On July 25, 2019, the district court granted Hernandez's habeas petition and ordered the IJ to conduct another bond hearing at which the government would "bear the burden of justifying Hernandez's detention by clear and convincing evidence." Hernandez-Lara v. Immigr. & Customs Enf't, Acting Dir., No. 19-cv-394-LM, 2019 WL 3340697, at *7 (D.N.H. July 25, 2019).2 Less than a week later, the same IJ who conducted Hernandez's first bond hearing held a second hearing in accordance with the district court's order. The government relied once again on the Red Notice and additionally argued that Hernandez was a flight risk because her asylum claim had been denied by both the IJ and the Board of Immigration Appeals (BIA), though it was pending before this court at the time. Hernandez countered that the Red Notice was defective, as it contained no factual allegations that Hernandez committed any crime or was part of any gang activity, and that she has no history of criminal conviction. As to flight risk, Hernandez argued she had a meaningful chance of relief in her appeal before us and that she had family ties, employment, and a residence in Maine to which she would return.

The IJ granted Hernandez's request for bond, setting it at $7,500. In explaining his decision, the IJ stressed the shift of burden:

Because the burden of proof is now on the Government, I do find that to be outcome determinative in this case for the reasons I stated in [the first bond hearing]. While [Hernandez] does have accusations, absent any other details or any other evidence, I'm able to conclude that it isn't clear and convincing to show that she's a danger, especially where she has no other criminal history here in the United States.

Given her community ties, fixed address, and work history, the IJ also found that Hernandez was not a flight risk.

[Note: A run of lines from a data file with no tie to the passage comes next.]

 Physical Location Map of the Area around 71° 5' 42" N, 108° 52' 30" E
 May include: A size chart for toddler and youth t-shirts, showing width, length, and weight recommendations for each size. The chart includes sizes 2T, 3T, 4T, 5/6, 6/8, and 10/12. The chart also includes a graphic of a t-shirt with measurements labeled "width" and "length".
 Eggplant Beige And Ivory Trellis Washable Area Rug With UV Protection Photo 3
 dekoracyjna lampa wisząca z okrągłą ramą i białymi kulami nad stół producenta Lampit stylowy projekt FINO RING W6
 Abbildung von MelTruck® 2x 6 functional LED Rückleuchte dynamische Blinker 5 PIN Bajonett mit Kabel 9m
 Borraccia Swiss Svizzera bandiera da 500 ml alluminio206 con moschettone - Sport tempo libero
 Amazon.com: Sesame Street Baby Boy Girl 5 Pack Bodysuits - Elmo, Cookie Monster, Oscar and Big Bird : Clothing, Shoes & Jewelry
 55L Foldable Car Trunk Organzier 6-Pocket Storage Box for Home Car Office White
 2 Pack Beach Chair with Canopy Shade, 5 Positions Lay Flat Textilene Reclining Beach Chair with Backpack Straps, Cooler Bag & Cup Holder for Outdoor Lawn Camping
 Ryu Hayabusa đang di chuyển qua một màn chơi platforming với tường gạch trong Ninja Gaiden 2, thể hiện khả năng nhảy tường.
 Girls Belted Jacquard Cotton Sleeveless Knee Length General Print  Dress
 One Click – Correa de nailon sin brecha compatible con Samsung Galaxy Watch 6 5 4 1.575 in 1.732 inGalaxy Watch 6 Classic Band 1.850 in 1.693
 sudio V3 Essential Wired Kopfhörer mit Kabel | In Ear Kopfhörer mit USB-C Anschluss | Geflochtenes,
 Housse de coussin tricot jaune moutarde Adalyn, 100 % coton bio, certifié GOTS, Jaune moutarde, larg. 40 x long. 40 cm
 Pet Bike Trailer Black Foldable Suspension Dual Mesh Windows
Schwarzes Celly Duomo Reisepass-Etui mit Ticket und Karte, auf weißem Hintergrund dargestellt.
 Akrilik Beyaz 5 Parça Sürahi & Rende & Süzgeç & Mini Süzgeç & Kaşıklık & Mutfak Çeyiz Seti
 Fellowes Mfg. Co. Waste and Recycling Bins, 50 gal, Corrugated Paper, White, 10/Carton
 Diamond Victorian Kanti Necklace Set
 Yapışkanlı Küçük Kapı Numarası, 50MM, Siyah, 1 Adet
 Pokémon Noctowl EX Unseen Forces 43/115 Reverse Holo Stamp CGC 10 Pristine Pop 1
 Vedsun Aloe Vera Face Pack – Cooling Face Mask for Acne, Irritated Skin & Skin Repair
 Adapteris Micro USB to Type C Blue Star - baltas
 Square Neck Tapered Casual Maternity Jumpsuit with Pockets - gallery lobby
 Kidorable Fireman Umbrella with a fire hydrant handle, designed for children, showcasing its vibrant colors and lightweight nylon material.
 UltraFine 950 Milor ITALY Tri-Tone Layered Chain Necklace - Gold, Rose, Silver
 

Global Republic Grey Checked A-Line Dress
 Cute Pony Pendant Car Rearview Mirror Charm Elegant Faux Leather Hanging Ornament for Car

As a result, the IJ released Hernandez after she spent over ten months in detention.

As noted, the IJ had previously denied Hernandez's asylum, withholding, and CAT claims on the merits, finding her credible but also concluding that "she failed to demonstrate that her familial connection to her brother was 'one central reason' that the gang singled her out" and that "the police would have protected [her] from the gang if s...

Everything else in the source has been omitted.